Friday, November 13, 2009

COHABITATION

Cohibitation is a living arrangement in which an unmarried couple live together in a long-term relationship that resembles a marriage.
Couples cohabit rather than marrying for a variety of reasons. They may want to test their compatibility before they commit to a legal union. They may want to maintain their single status for financial reasons. In some cases, such as those involving gay or lesbian couples, or individuals already married to another person, the law does not allow them to marry. In others, the partners may feel that marriage is unnecessary. Whatever the reasons, between 1970 and 1990, the number of couples living together outside of marriage quadrupled, from 523,000 to nearly 3 million. These couples face some of the same legal issues as married people, as well as some their married friends never need to consider.

 

In most places, it is legal for unmarried people to live together, although some zoning laws prohibit more than three unrelated people from inhabiting a house or apartment. A few states still prohibit fornication, or sexual relations between an unmarried man and woman, but such laws are no longer enforced. Some states also prohibit sodomy, which includes sexual relations between people of the same sex. Although anti-sodomy laws are rarely enforced against consenting adults acting in the privacy of their homes, a 1986 Supreme Court case proved that such laws can be. In Bowers v. Hardwick, 478 U.S. 186, 106 S. Ct. 2841, 92 L. Ed. 2d 140, the Court held that private, consensual homosexual acts are not protected by the right to privacy and that laws prohibiting such conduct are constitutional.
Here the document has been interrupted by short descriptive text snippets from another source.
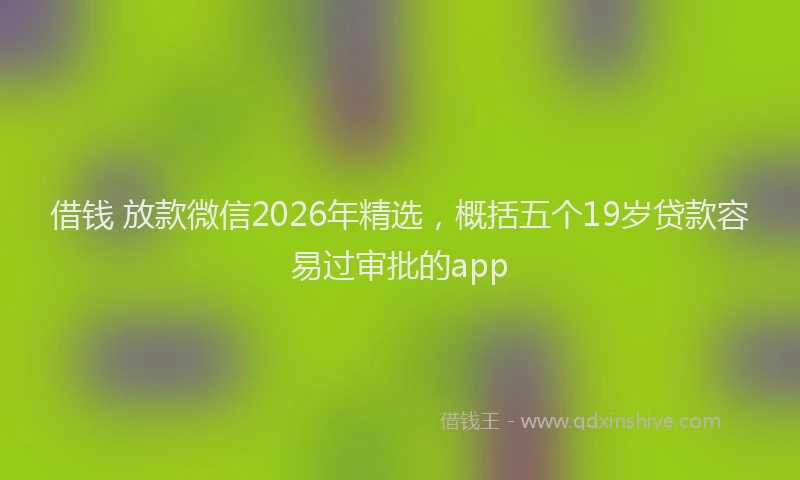 借钱 放款微信2026年精选，概括五个19岁贷款容易过审批的app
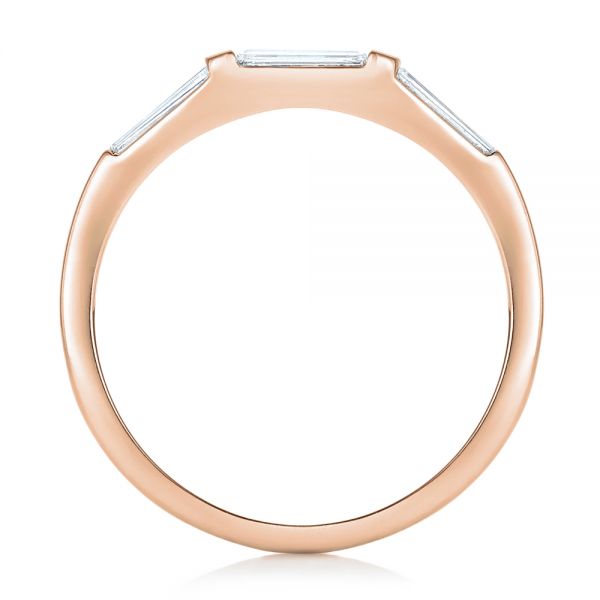 18k Rose Gold 18k Rose Gold Custom Baguette Diamond Wedding Band - Front View - 102270
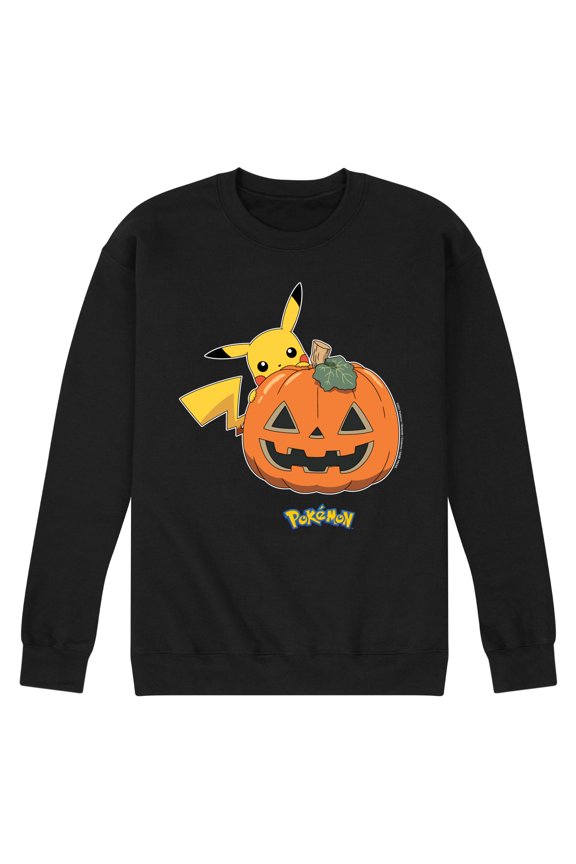 Pokémon - Pikachu Pumpkin - Men's Crew Neck Fleece Pullover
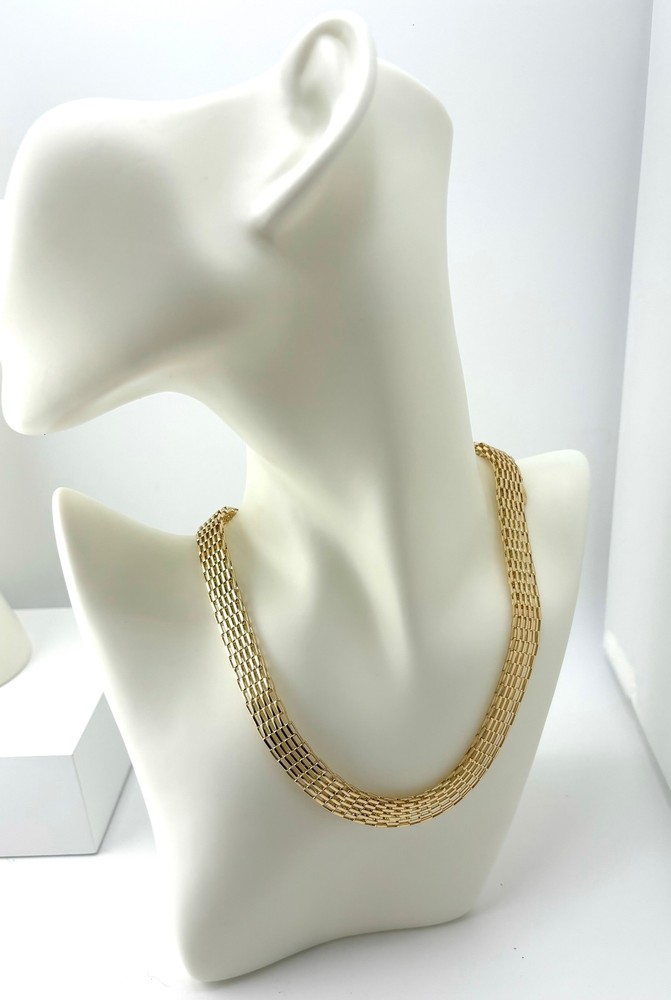 Gold Mesh Link Chain Necklace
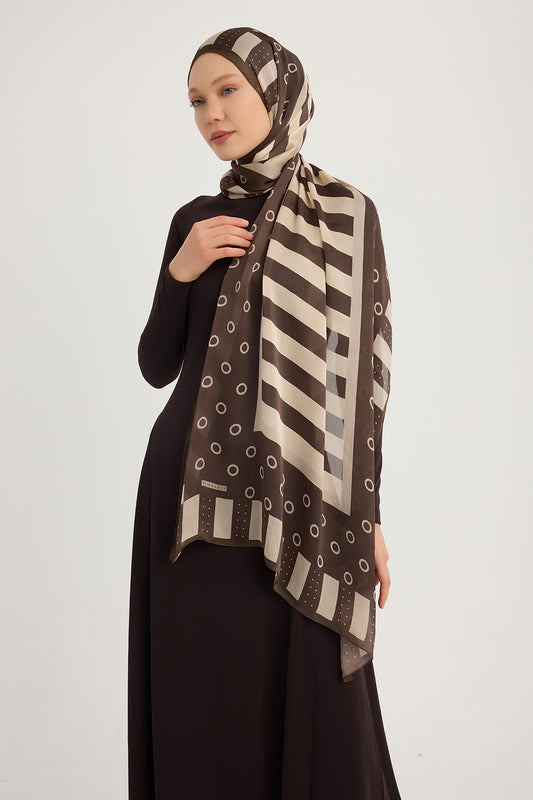 Aurora Desenli Janjan Şal - Ritmik Geometri - Kahverengi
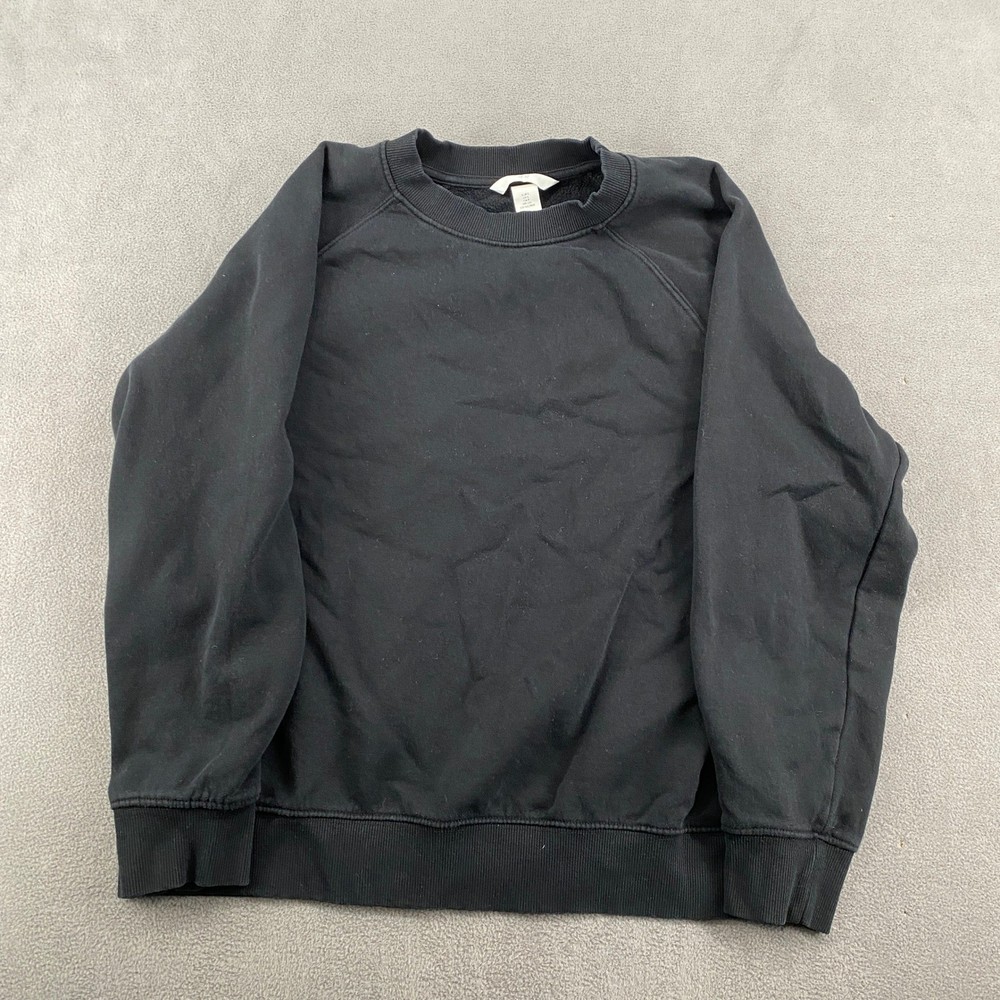 HM Mens Crewneck Sweatshirt Black Fleece Lined Pullover Long Sleeve Basic Size S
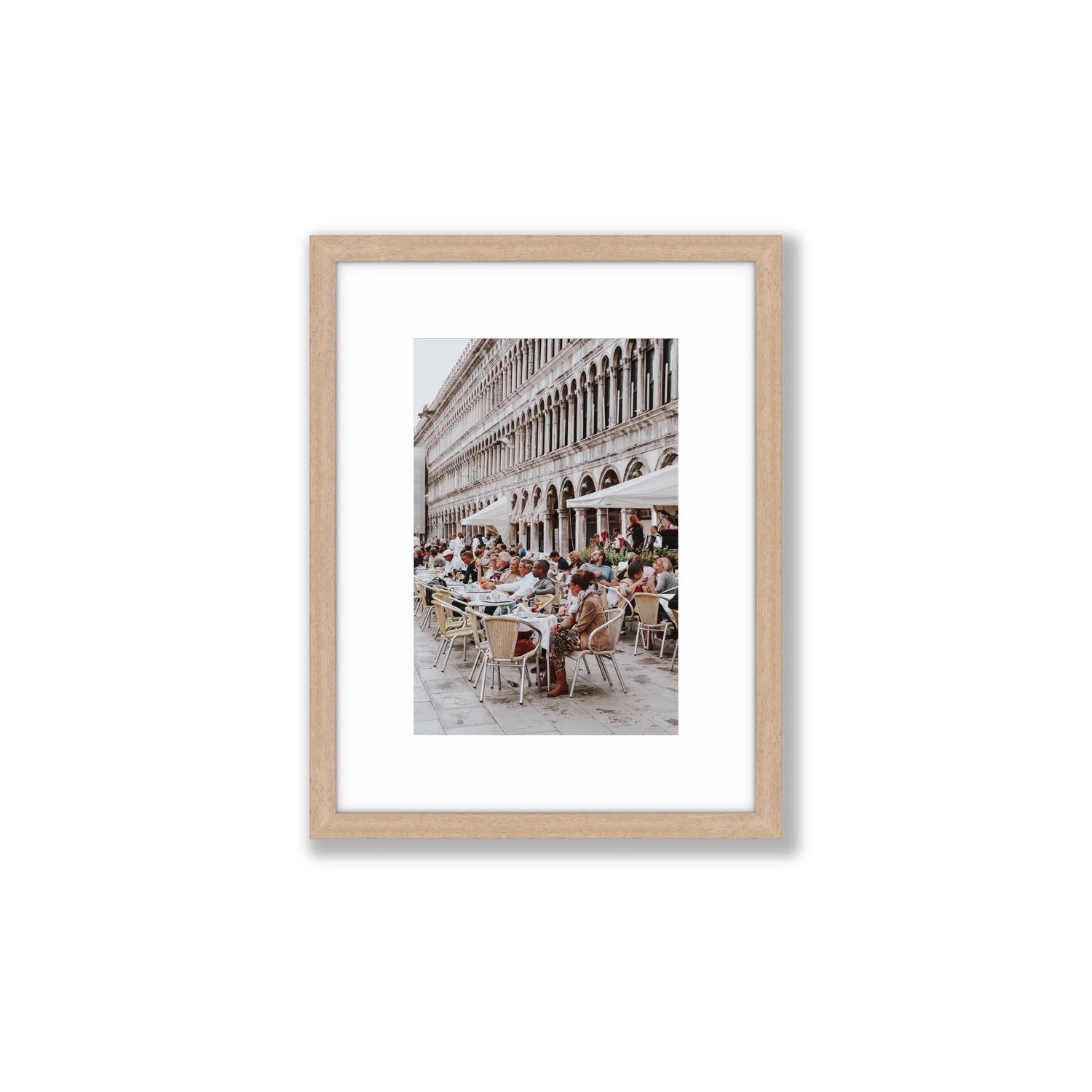 Lunchbreak Venice Italian wall art Small fine art print in natural oak frame with matboard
The law traditionally has been biased in favor of marriage. Public policy supports marriage as necessary to the stability of the family, the basic societal unit. To preserve and encourage marriage, the law reserves many rights and privileges to married persons. Cohabitation carries none of those rights and privileges. It has been said that cohabitation has all the headaches of marriage without any of the benefits. Cohabiting couples have little guidance as to their legal rights in such areas as property ownership, responsibility for debts, custody, access to health care and other benefits, and survivorship.